Would you return, word for word, the lines of the data below from the line with "Multi-state expression graph" through the line with "An orange butterfly", and no others?

▶ **INPUT FOR THIS TASK**

##########

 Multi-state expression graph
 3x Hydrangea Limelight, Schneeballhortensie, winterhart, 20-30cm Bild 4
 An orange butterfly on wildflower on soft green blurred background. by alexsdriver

##########

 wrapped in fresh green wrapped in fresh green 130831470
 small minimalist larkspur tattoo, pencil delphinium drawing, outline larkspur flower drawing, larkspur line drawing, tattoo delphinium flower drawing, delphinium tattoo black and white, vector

##########

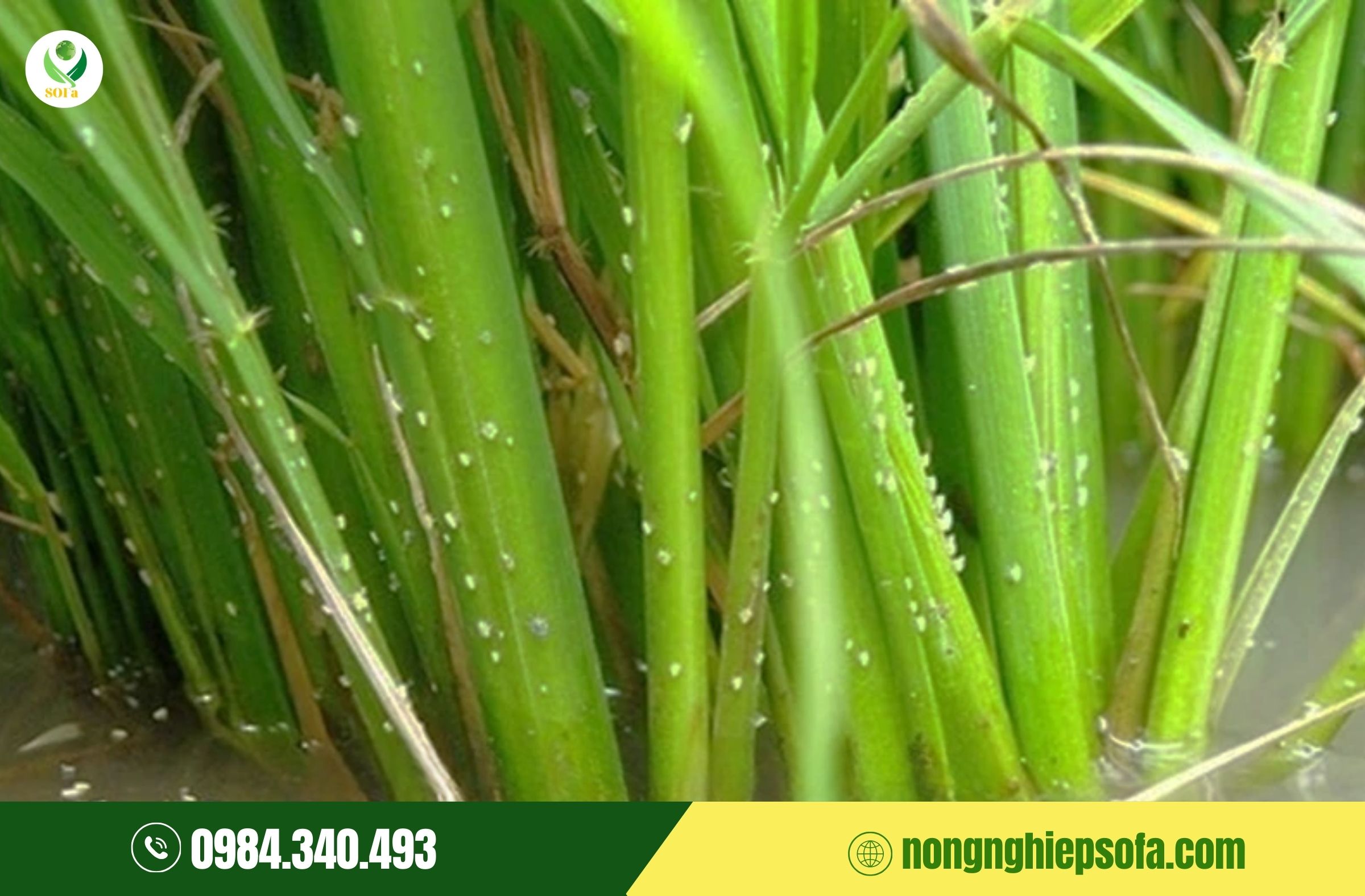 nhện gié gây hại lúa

##########

▶ **REPLY**
 Multi-state expression graph
 3x Hydrangea Limelight, Schneeballhortensie, winterhart, 20-30cm Bild 4
 An orange butterfly on wildflower on soft green blurred background. by alexsdriver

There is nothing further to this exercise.